Here’s a funny example from

Hmm, maybe we should explore this one further! 🙂

COVID-19 Update: Expanded Correlation Study

I have added some factors and am exploring the correlation between these factors and overall numbers of cases and deaths (previously, I have been attempting to correlate factors with the severity of rates of cases and deaths. There is enough data now to try to tease out factors that share some dependence with the numbers of cases and deaths.

Correlations between various factors and total number of Cases per 1000 persons in a country

Things I find Interesting – Case number correlation:

  • Average rates of Tuberculosis have the strongest negative correlation with the total number of COVID-19 cases in a country. There may be many reasons for this, but it is an interesting datapoint. Perhaps more so because of the studies into the potential that a TB vaccine might be providing some kind of protection in the regions that still get it (which may well be regions that still have a high TB rate).
  • Countries with large numbers of deaths due to Zinc and Iron deficiency have experienced less COVID-19 cases. This might be simply that these deaths removed some potentially susceptible people from the pool of potential cases. Factors that might show this same effect are HIV percentage and even TB percentage (though the latter are more strongly negatively correlated with cases).
  • A country with a high Female Smoking Rate is more likely to have larger numbers of COVID-19 cases. This has been pretty consistent. Mean BMI number is also highly correlated with cases. My suspicion is that these individuals present with symptoms more quickly than others and therefore are formally counted as a case whereas others might not be counted.
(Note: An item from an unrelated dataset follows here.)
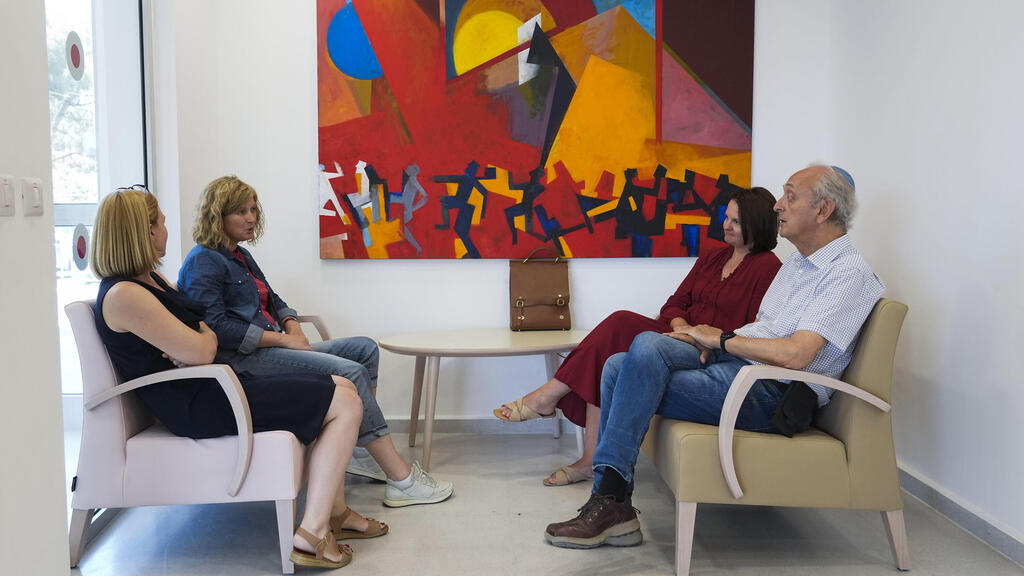 Ukranian mental health specialists train in trauma care in Israel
This concept also applies to people over 65. The same theory applies to the number of nurses per 1000. In countries with low numbers of nurses, perhaps many people never get diagnosed, and therefore recorded.
  • Population density is less correlated than the above factors, but is still positively correlated with the number of cases.
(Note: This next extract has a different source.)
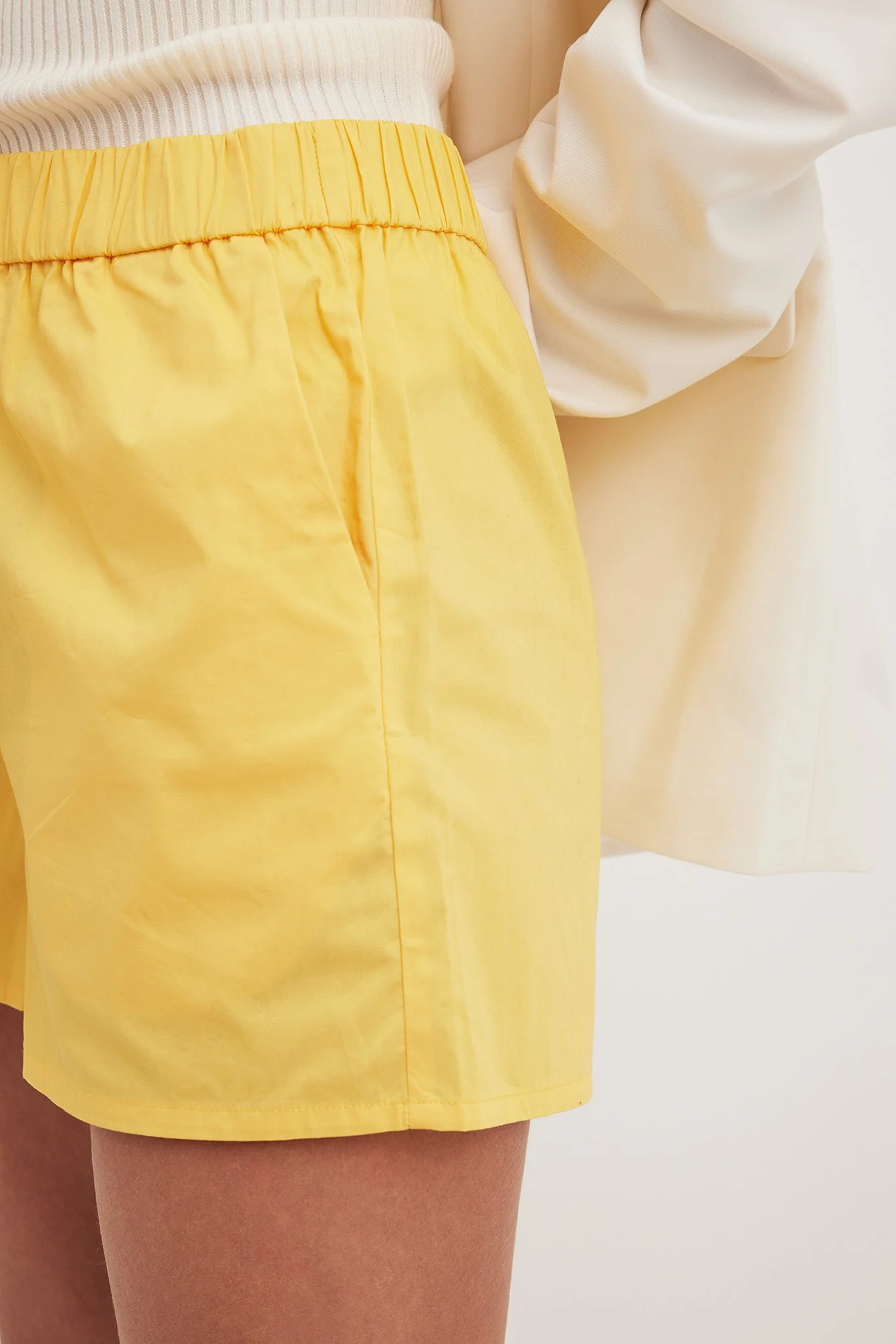 Shorts mit elastischem Taillenbund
Deaths Per 1000 person – Correlations

Things I find interesting – Death number correlation:

Here we find the co-morbitities for COVID-19 as well as factors that may have a dependency with the number of deaths per 1000.

  • Note that having a high number of citizens over 65 is the highest factor that is positively correlated with deaths due to COVID-19. This is not surprising, but confirms what we are hearing.
  • Female Smoking rate is equally correlated with cases and deaths in a country. This would make me suppose that in this case, countries with a high female smoking rate are seeing more females die due to COVID-19 than other countries.
  • Countries with a high number of deaths due to eating red meat (how is this measured??) also have a higher number of COVID-19 deaths, but I suspect there’s a lot of similarity between this measure and Mean BMI.
  • Countries with a high number of deaths due to lack of calcium also see a high number of COVID-19 deaths. Not sure if this is just correlated (i.e., how drowning deaths are correlated with ice cream sales every year), but it’s one of the few factors related to nutrition that is postitively correlated. Other nutrition-related factors (deficiencies in Iron, Vitamin-A, Zinc) are negatively correlated and the rest of the nutrition factors here have no correlation at all.
  • Temperature is very negatively correlated with deaths (as well as with cases). My intuition is that this is causal, but I can’t support that exactly.
  • Finally, the Income Group and the Growth Rate are both highly negatively correlated with deaths. I see these as measuring similar things. Countries with a high Growth Rate are also generally growing in weath and moving up Income charts. This weath and what it brings the society (ability to shelter in place? Better health care?) makes them less susceptible to COVID-19 deaths (and cases).